Only the lines with "Image" in them need to be copied from the listing.

▼▼▼

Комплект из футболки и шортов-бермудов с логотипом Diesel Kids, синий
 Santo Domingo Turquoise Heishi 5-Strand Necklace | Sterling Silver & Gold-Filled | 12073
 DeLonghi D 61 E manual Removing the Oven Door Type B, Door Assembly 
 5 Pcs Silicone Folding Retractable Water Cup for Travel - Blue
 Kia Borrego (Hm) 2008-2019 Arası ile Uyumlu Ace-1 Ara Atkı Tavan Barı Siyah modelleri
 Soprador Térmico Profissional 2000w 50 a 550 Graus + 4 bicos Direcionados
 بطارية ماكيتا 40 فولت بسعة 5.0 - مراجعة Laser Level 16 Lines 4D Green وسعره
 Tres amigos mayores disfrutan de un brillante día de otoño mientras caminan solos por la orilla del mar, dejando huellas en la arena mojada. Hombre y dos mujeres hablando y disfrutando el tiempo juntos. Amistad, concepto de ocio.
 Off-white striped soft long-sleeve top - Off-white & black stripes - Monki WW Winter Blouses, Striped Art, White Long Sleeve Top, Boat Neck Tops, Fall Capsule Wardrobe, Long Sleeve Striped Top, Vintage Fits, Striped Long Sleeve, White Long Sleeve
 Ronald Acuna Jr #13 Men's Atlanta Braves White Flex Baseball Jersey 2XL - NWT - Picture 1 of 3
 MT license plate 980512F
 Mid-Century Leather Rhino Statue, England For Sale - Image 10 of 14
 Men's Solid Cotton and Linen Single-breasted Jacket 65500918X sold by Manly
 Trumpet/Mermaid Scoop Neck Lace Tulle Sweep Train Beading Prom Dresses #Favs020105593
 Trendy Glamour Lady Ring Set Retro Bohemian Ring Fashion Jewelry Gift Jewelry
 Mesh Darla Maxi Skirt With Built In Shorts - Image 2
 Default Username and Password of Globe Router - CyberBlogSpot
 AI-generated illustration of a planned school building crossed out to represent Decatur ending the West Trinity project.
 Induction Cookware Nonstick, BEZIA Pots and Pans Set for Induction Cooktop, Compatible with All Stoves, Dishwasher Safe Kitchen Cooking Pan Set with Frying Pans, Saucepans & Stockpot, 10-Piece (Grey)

▲▲▲

Task solution>
 Mid-Century Leather Rhino Statue, England For Sale - Image 10 of 14
 Mesh Darla Maxi Skirt With Built In Shorts - Image 2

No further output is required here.